▸ **About this exercise**
Beginning with the line that holds "Tomsenn 4K x", write out each line exactly as it stands until the end of the data, and include no pictures.

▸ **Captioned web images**
· · · · ·

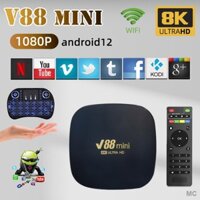 Đầu TV Box V88 mini 32GB / 512GB Wifi 2.4G Android 12.0 8K Ultra HD ChấT LượNg Cao KèM Phụ KiệN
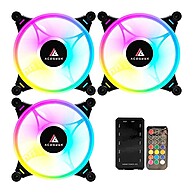 Kit Ventoinha Acegeek Crystal 3x120mm ARGB – Controle Total do Seu PC - imagem 2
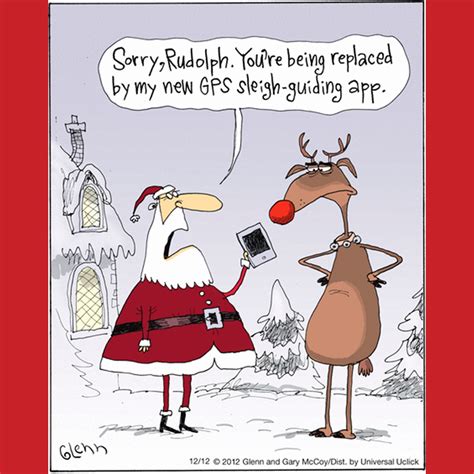 santa goes digital funny christmas cartoons funny christmas jokes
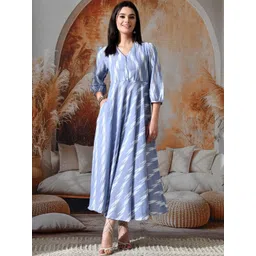 KALINI Print Fit & Flare Midi Dress-image-35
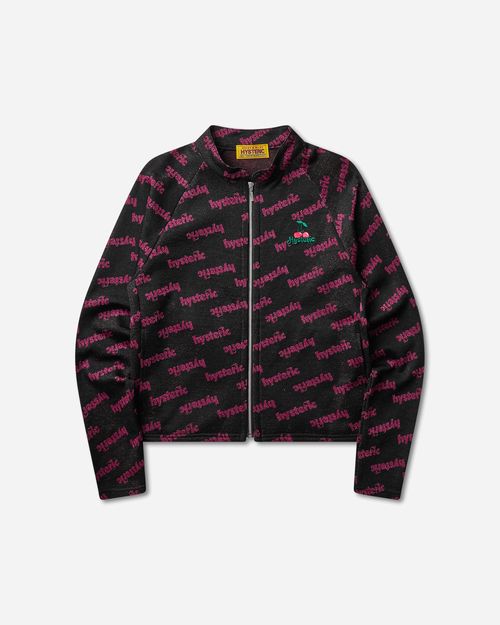 Women s Cherry Embroidered Jacket Black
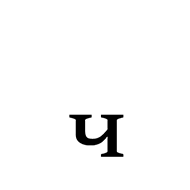 Cyrillic Subscript Small Letter Che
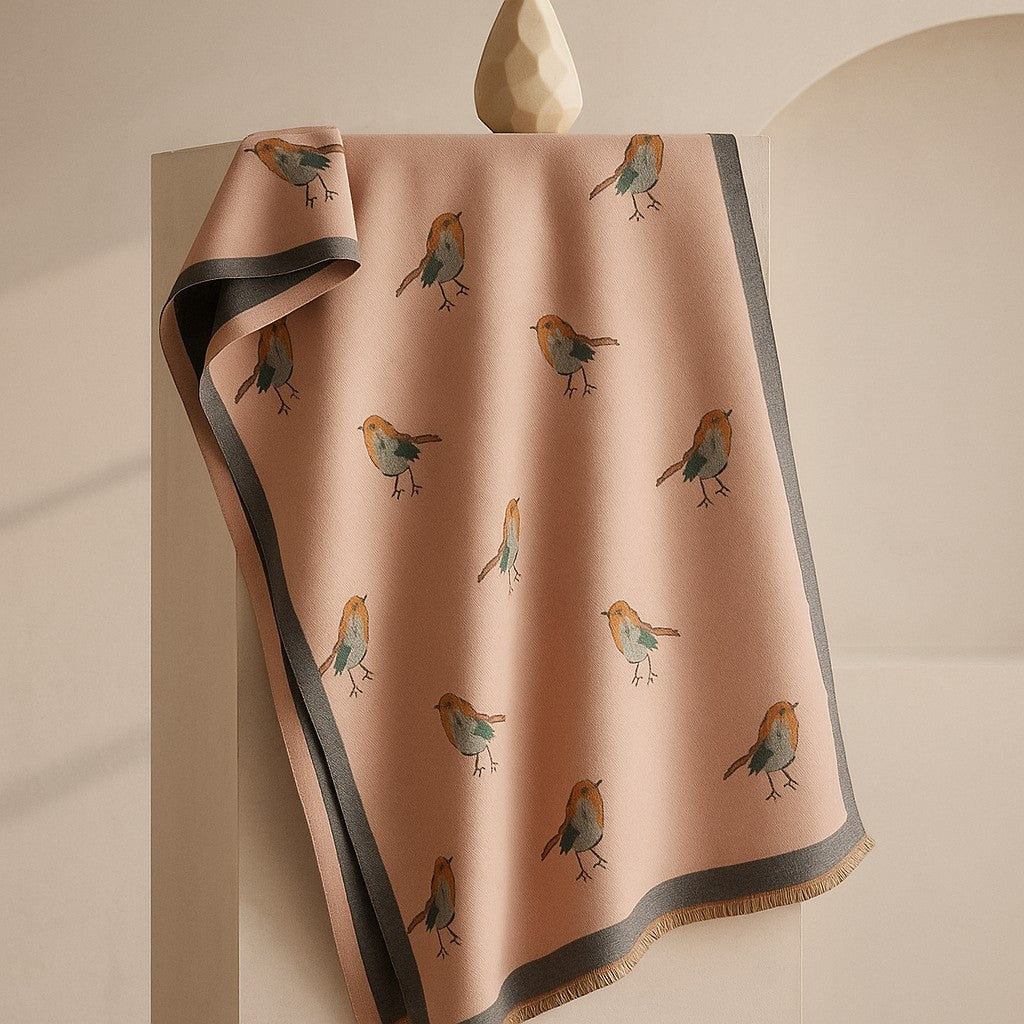 The Aviary Silk Scarf - Image 3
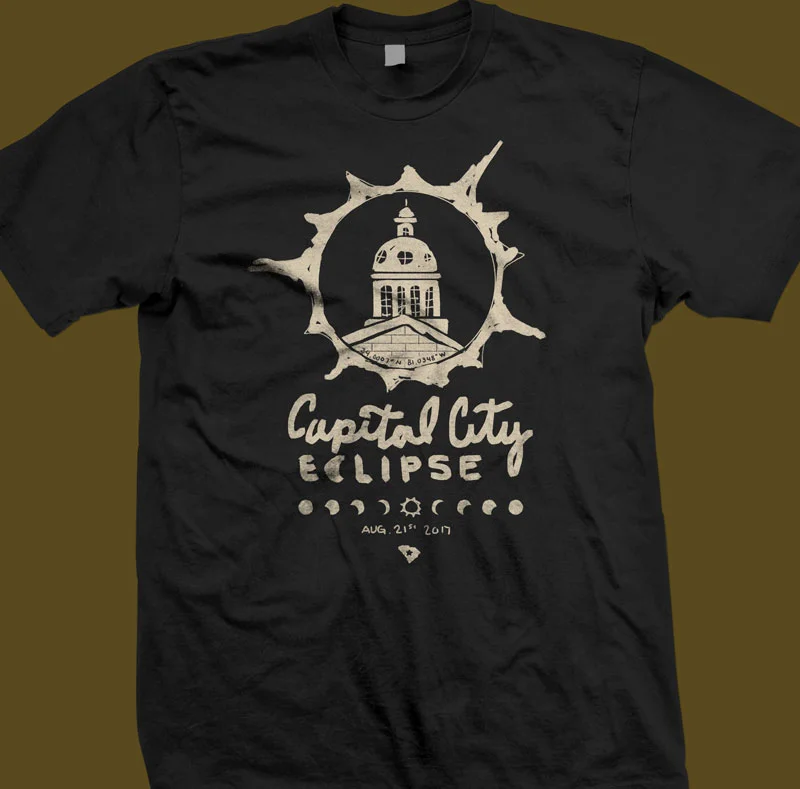 1-2. Mocked up on a shirt.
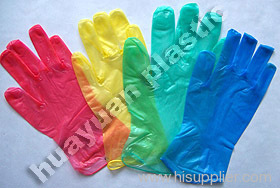 disposable Vinyl Colored Glove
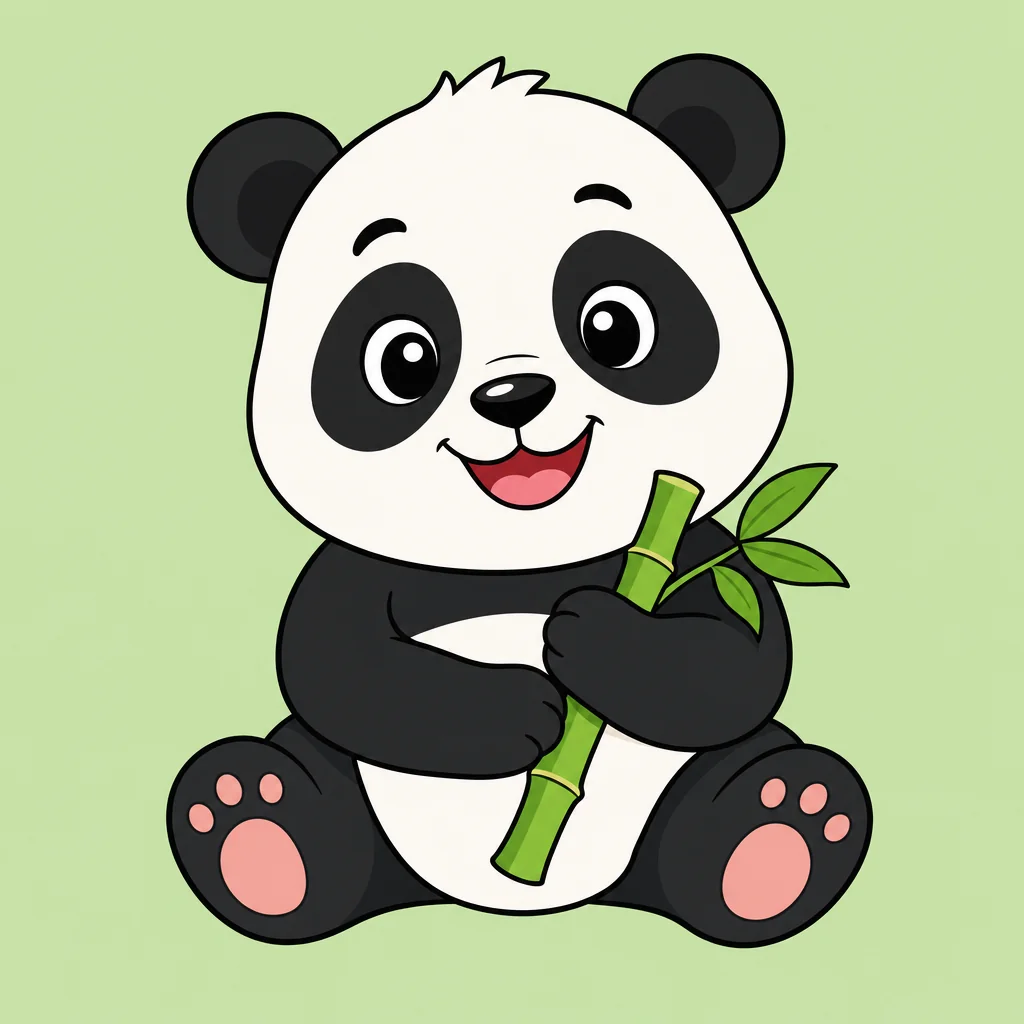 Quebra-cabeça de Panda para Crianças de 2 a 8 Anos (4, 9 e 16 Peças)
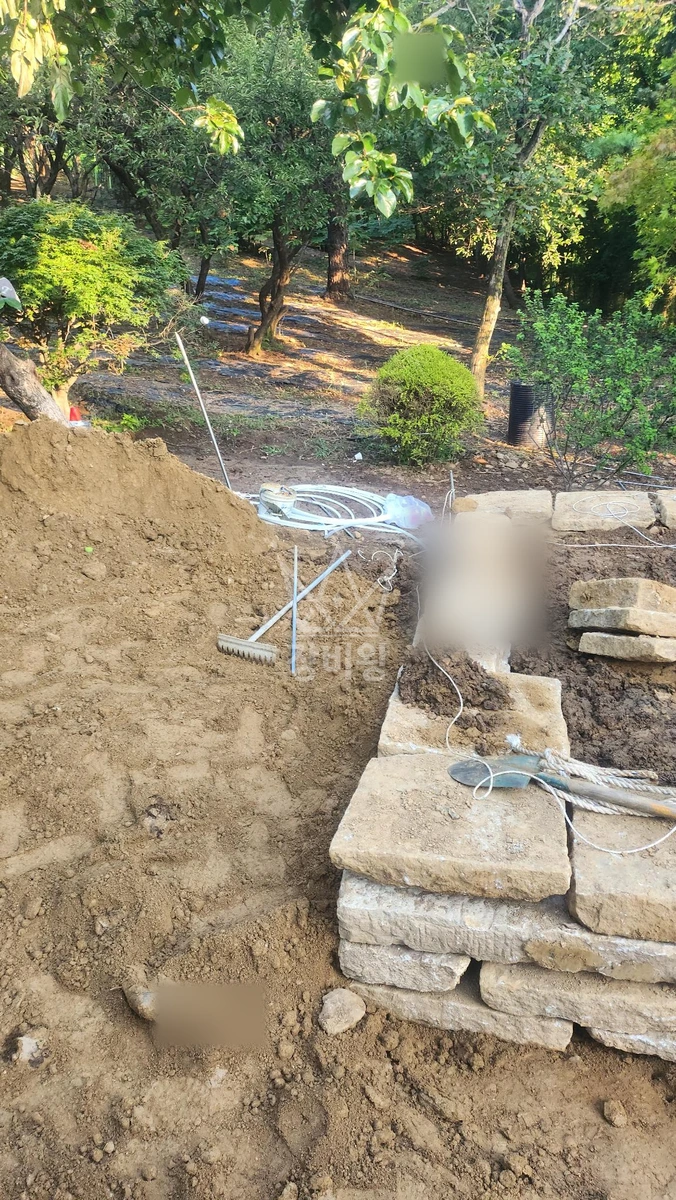 경기 군포시 속달동 포크레인(굴착기) 작업 현장 도착사진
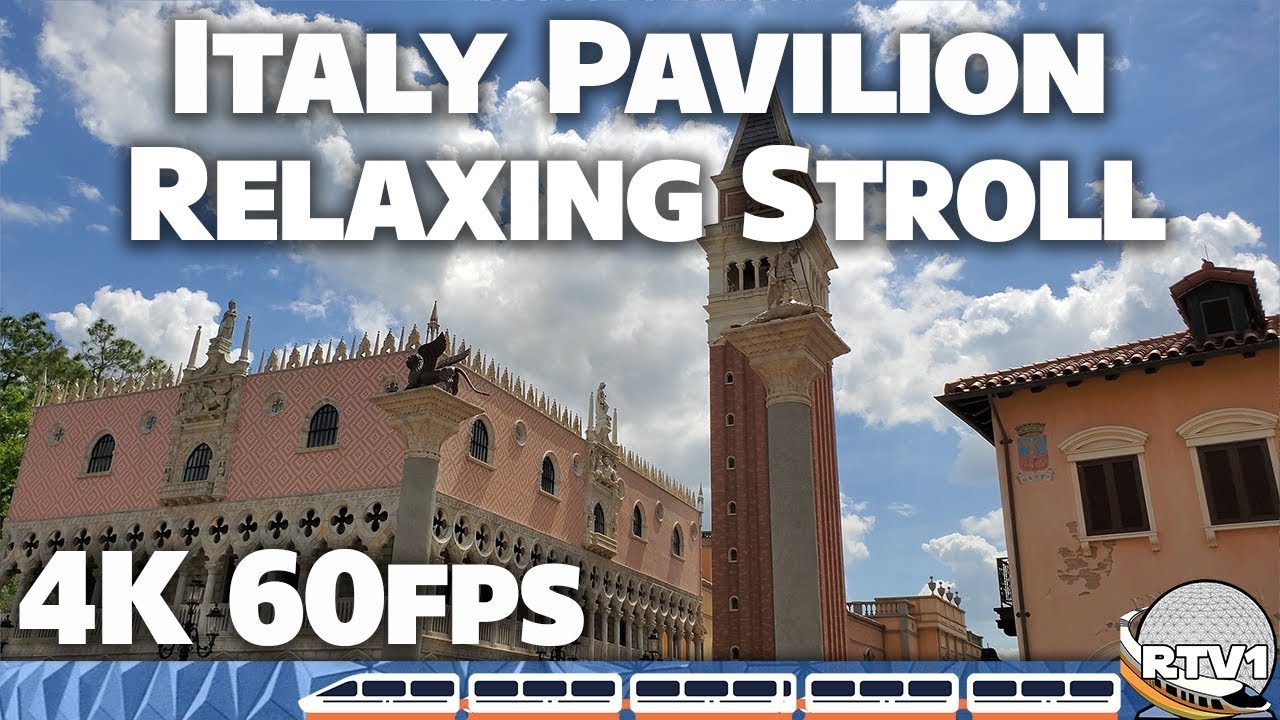 Italy Pavilion at Epcot - Relaxing Stroll 4K 60fps - Flower & Garden 2019 - Walt Disney World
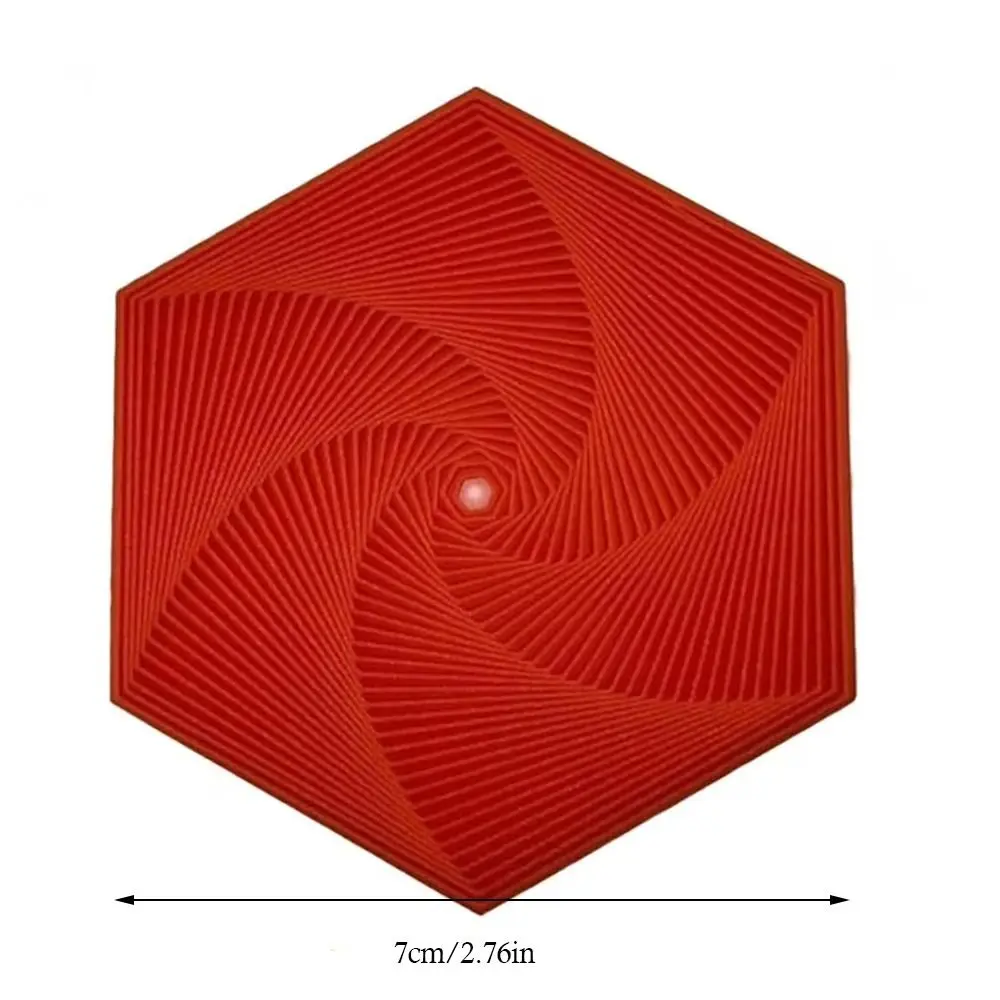 Funny Anti-stress Fractal Fidget Hexagon Playing Sensory Toy Portable Cube Fidget Toy Mindful Meditation Tool PLA Hexagon Spiral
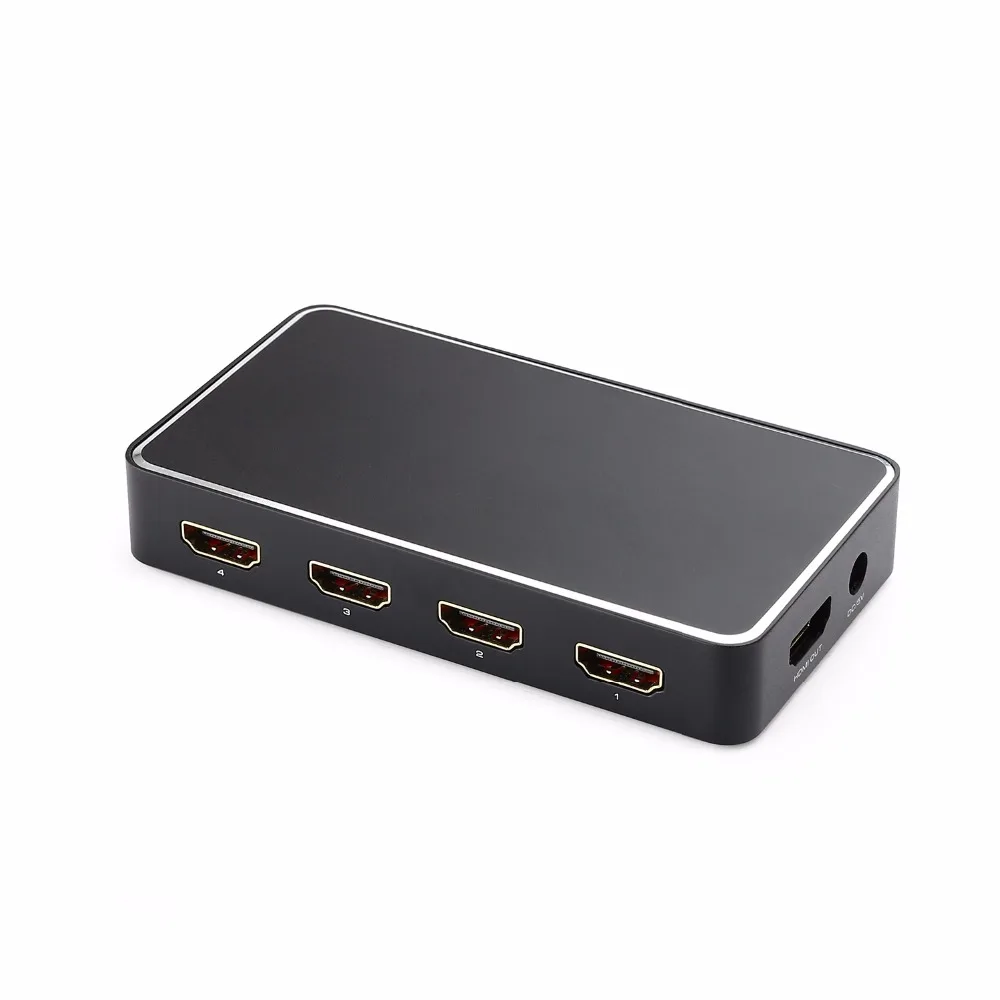 Tomsenn 4K x 2K 4 портовый высокоскоростной HDMI переключатель 4x1 с функцией картинка в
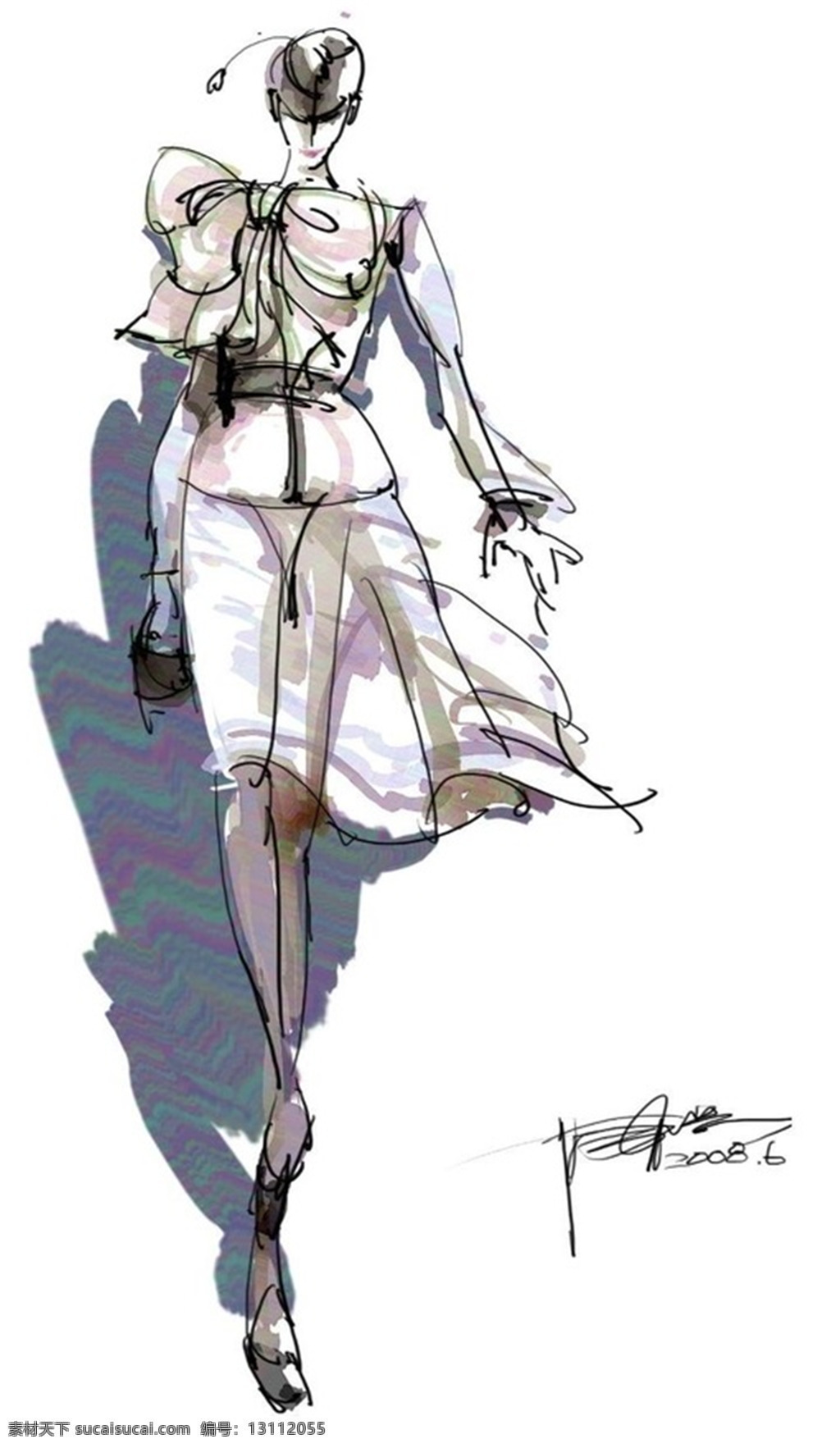 手绘 服装设计 v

· · · · ·

▸ **Reply**
 Tomsenn 4K x 2K 4 портовый высокоскоростной HDMI переключатель 4x1 с функцией картинка в
 手绘 服装设计 v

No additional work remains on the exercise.